** Opening Source information block **

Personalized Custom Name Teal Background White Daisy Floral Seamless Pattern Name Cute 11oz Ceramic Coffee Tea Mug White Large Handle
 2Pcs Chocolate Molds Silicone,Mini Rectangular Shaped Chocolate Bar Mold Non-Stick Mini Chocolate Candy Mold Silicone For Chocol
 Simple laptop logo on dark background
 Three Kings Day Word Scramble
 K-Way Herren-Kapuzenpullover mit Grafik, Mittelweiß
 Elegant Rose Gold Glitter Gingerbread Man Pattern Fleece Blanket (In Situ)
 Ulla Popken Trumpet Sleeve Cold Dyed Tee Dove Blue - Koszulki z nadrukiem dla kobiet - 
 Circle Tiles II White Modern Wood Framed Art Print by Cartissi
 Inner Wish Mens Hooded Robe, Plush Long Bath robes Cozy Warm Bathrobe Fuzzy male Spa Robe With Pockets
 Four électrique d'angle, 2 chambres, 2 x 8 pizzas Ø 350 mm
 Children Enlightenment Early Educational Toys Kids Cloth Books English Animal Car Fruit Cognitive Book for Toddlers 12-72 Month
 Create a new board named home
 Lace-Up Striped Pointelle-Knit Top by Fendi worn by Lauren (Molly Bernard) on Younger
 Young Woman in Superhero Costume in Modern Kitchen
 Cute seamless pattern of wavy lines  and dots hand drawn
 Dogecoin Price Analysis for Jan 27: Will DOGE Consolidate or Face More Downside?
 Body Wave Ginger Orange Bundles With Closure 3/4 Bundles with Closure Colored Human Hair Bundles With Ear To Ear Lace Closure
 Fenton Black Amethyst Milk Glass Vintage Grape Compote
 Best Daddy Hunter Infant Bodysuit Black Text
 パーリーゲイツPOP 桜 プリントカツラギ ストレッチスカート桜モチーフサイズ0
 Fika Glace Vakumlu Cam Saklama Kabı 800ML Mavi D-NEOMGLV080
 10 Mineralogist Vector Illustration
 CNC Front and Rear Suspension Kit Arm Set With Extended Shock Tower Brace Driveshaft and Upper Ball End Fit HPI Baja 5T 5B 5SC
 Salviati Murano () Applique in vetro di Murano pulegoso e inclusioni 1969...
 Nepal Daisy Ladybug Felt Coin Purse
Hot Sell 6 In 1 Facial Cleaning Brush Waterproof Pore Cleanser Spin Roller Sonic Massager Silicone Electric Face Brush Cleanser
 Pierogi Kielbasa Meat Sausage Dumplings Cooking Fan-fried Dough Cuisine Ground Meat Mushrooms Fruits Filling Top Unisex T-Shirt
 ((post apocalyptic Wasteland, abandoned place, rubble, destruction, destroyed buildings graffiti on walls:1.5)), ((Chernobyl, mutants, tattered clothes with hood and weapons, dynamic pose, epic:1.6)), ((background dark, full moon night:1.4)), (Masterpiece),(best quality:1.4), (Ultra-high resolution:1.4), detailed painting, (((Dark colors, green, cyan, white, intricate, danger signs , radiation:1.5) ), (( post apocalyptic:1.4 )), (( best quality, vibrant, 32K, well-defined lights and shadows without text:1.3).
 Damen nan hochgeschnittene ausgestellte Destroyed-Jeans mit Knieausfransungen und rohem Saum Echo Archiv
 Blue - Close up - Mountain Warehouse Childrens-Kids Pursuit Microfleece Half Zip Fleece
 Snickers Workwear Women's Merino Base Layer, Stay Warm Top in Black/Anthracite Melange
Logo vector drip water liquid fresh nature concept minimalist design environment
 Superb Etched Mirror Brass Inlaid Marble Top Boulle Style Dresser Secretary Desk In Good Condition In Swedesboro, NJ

** Closing Source information block **

Begin at the first line of the material above. Transcribe each line exactly, ending with the line that contains "10 Mineralogist Vector Illustration".

Task result =>
Personalized Custom Name Teal Background White Daisy Floral Seamless Pattern Name Cute 11oz Ceramic Coffee Tea Mug White Large Handle
 2Pcs Chocolate Molds Silicone,Mini Rectangular Shaped Chocolate Bar Mold Non-Stick Mini Chocolate Candy Mold Silicone For Chocol
 Simple laptop logo on dark background
 Three Kings Day Word Scramble
 K-Way Herren-Kapuzenpullover mit Grafik, Mittelweiß
 Elegant Rose Gold Glitter Gingerbread Man Pattern Fleece Blanket (In Situ)
 Ulla Popken Trumpet Sleeve Cold Dyed Tee Dove Blue - Koszulki z nadrukiem dla kobiet - 
 Circle Tiles II White Modern Wood Framed Art Print by Cartissi
 Inner Wish Mens Hooded Robe, Plush Long Bath robes Cozy Warm Bathrobe Fuzzy male Spa Robe With Pockets
 Four électrique d'angle, 2 chambres, 2 x 8 pizzas Ø 350 mm
 Children Enlightenment Early Educational Toys Kids Cloth Books English Animal Car Fruit Cognitive Book for Toddlers 12-72 Month
 Create a new board named home
 Lace-Up Striped Pointelle-Knit Top by Fendi worn by Lauren (Molly Bernard) on Younger
 Young Woman in Superhero Costume in Modern Kitchen
 Cute seamless pattern of wavy lines  and dots hand drawn
 Dogecoin Price Analysis for Jan 27: Will DOGE Consolidate or Face More Downside?
 Body Wave Ginger Orange Bundles With Closure 3/4 Bundles with Closure Colored Human Hair Bundles With Ear To Ear Lace Closure
 Fenton Black Amethyst Milk Glass Vintage Grape Compote
 Best Daddy Hunter Infant Bodysuit Black Text
 パーリーゲイツPOP 桜 プリントカツラギ ストレッチスカート桜モチーフサイズ0
 Fika Glace Vakumlu Cam Saklama Kabı 800ML Mavi D-NEOMGLV080
 10 Mineralogist Vector Illustration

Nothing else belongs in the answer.